Investing is an excellent way to increase your wealth over time. However, with all investments, there is an inherent risk involved.
While some risks are small, others can be significant, resulting in the loss of your investment or reduced returns.
Understanding the different types of investment risk can help you make informed investment decisions.
In this blog, we will detail five types of investment risk.
Market risk
Market risk is the most common type of investment risk. It refers to the possibility of losing money due to the overall performance of the financial markets.
This risk is prevalent in equity and bond markets, where prices can fluctuate due to a range of factors such as economic data, company performance, and global events.
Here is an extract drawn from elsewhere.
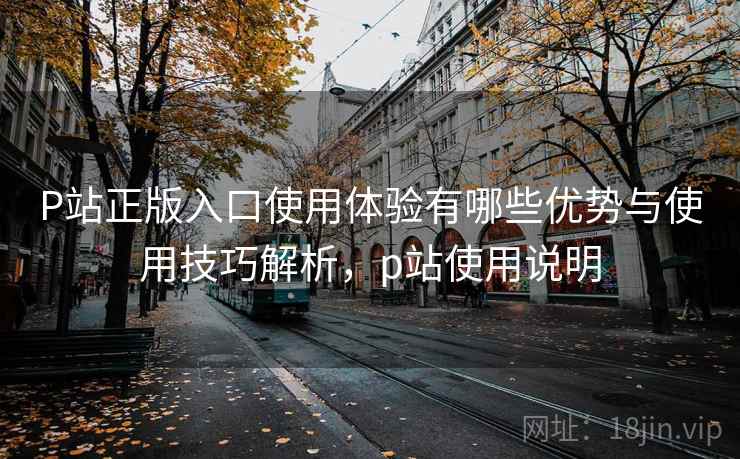 P站正版入口使用体验有哪些优势与使用技巧解析，p站使用说明  第1张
Market risk cannot be eliminated, but it can be managed by diversifying your investments across different asset classes.
Interest rate risk
Interest rate risk is the possibility of losing money due to changes in interest rates. This risk is prevalent in bond markets, where bond prices and interest rates are inversely related.
When interest rates rise, bond prices fall, and when interest rates fall, bond prices rise.
This risk can be managed by investing in bonds with different maturity dates, as longer-term bonds are more sensitive to interest rate changes.
Credit risk
Credit risk is the possibility of losing money due to the failure of a borrower to repay a loan or debt.
This risk is prevalent in the bond market, where bond issuers may default on their interest payments or principal repayment.
It can be managed by investing in high-quality bonds issued by financially stable companies or governments.
Inflation risk
Inflation risk is the possibility of losing money due to inflation eroding the purchasing power of your investment.
Inflation reduces the value of money over time, and if the rate of inflation is higher than the rate of return on your investment, you will lose money in real terms.
This risk can be managed by investing in assets that have the potential to outpace inflation, such as stocks or real estate.
Liquidity risk
Liquidity risk is the possibility of losing money due to the inability to sell your investment quickly or at a fair price.
This risk is prevalent in illiquid assets such as real estate or private equity, where there is a limited market for buyers and sellers.
It can be managed by investing in liquid assets such as stocks or bonds, where there is a large and active market for buyers and sellers.